■ WORK TASK:
Find "OnlyFansヘッダー写真 linneas_feet" in the listing below, then set down only that line and each later line, unchanged, leaving out pictures.

■ PROVIDED DATA:
☆ ☆ ☆ ☆ ☆ ☆ ☆

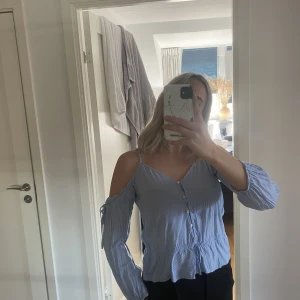 Långärmad tröja  - Säljer denna fina tröja då jag inte har användning för den längre.  Mycket bra skick!  Köpare står för frakt🌸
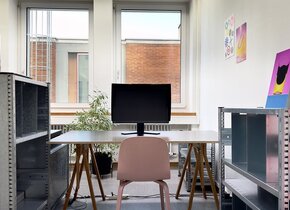 Mobilierte Atelierplatz in hellem Fotostudio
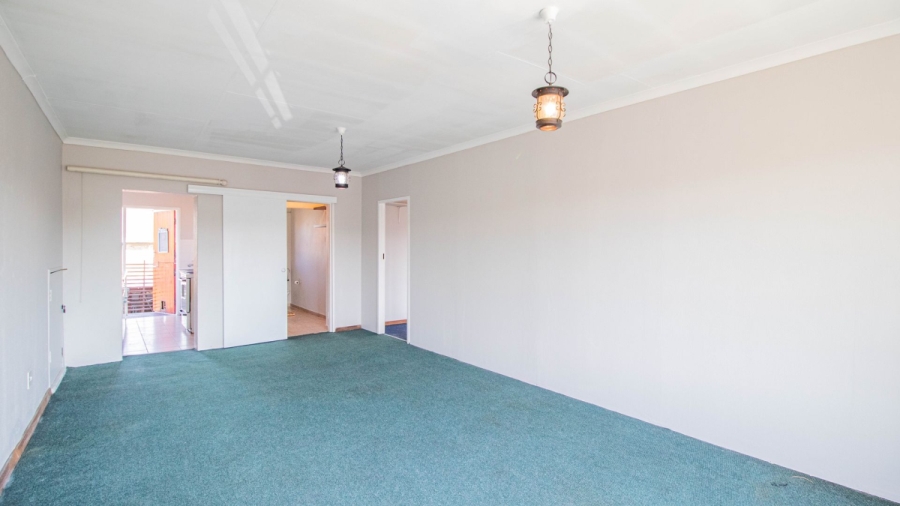 5 Bedroom Property for Sale in Marais Steyn Park Gauteng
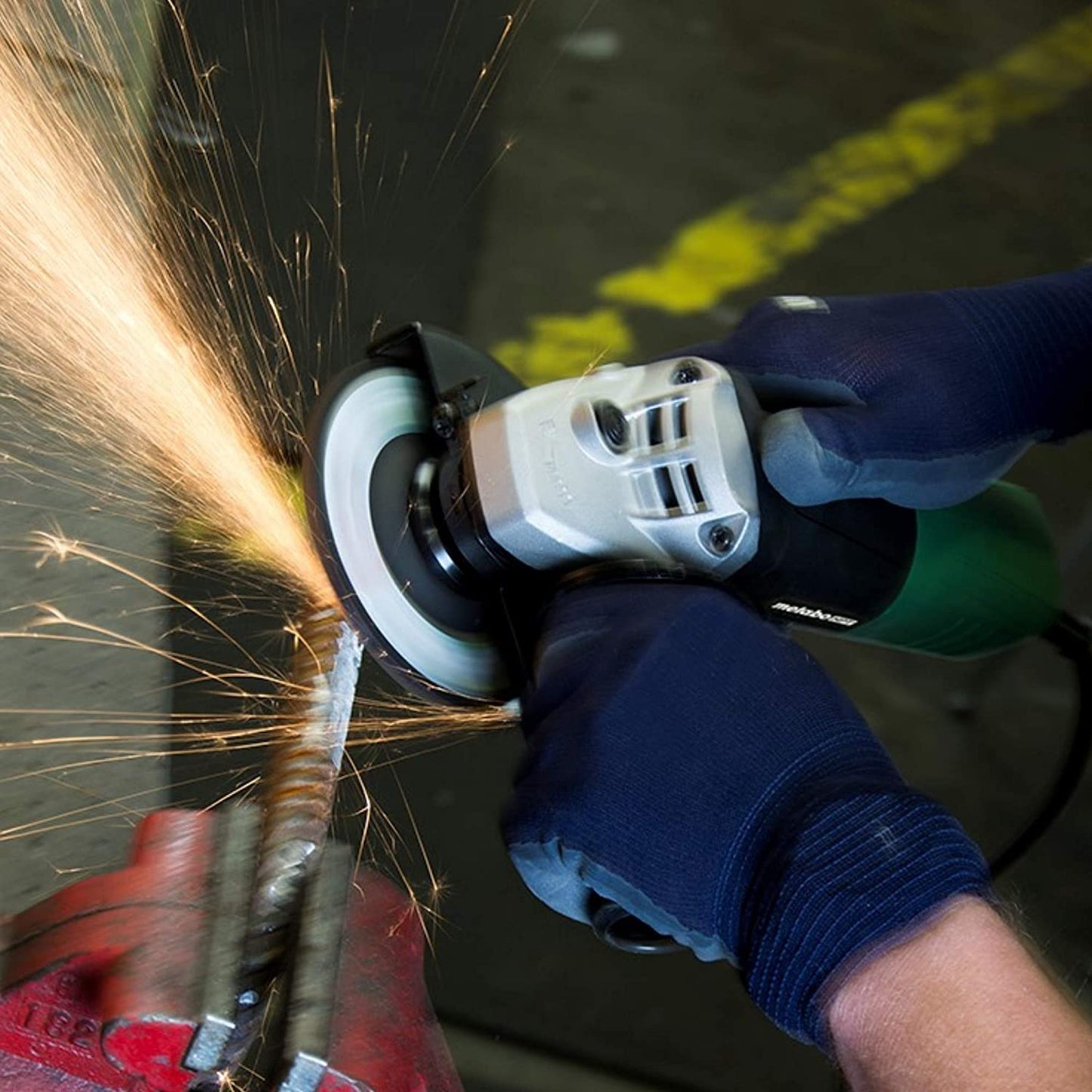 Angle Grinder | 4-1/2-Inch | Includes 5 Grinding Wheels & Hard Case | 6.2-Amp Motor | Compact & Lightweight | G12SR4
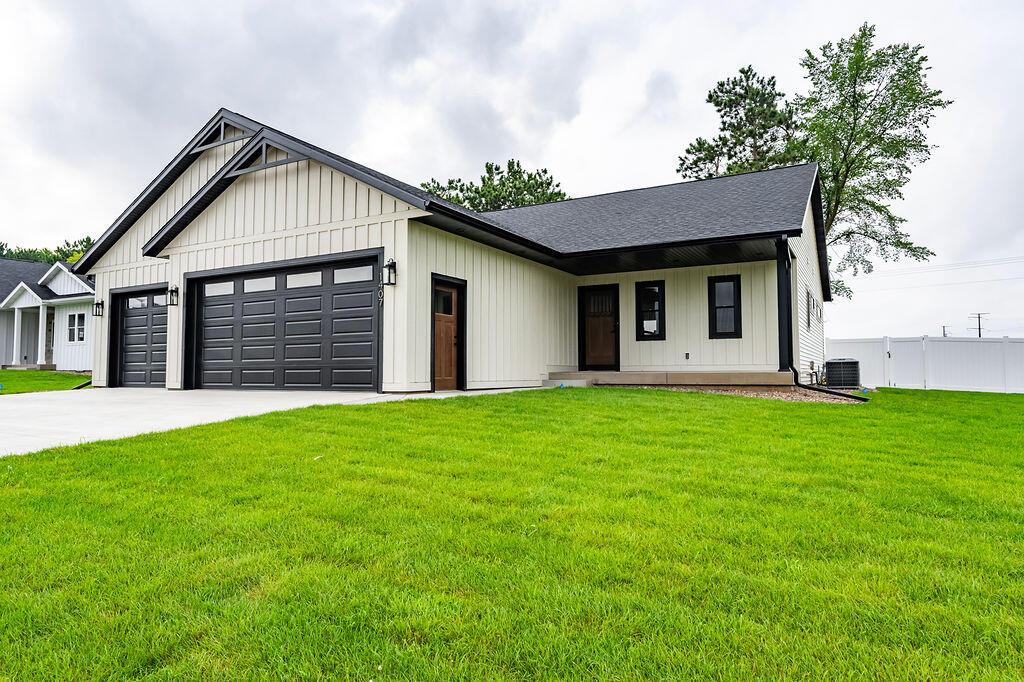 1407 Herb Ln, Holmen, WI 54636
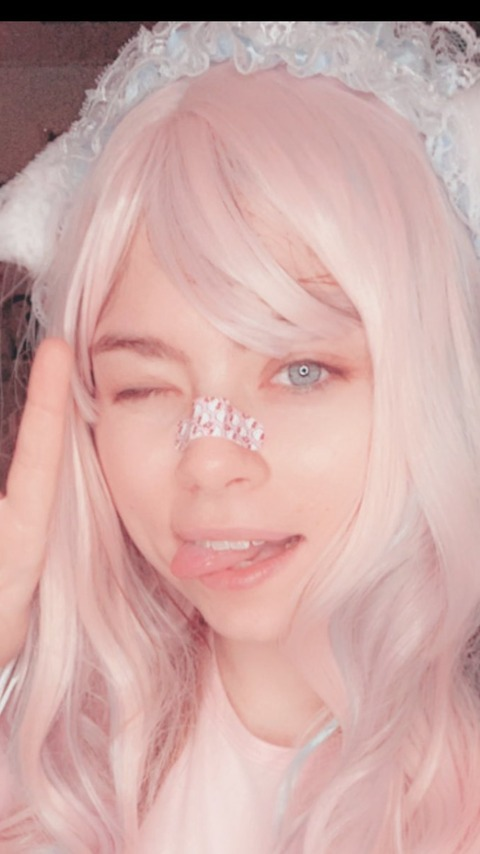 OnlyFansヘッダー写真 linneas_feet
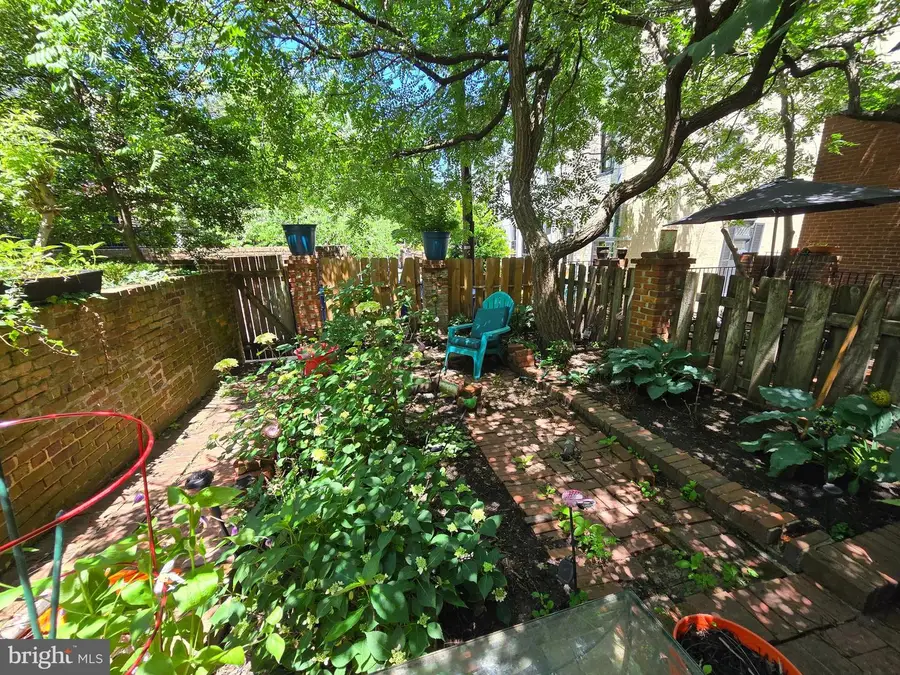 122 W Lanvale St, Baltimore, MD 21217 - #2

☆ ☆ ☆ ☆ ☆ ☆ ☆

■ THE ANSWER:
 OnlyFansヘッダー写真 linneas_feet
 122 W Lanvale St, Baltimore, MD 21217 - #2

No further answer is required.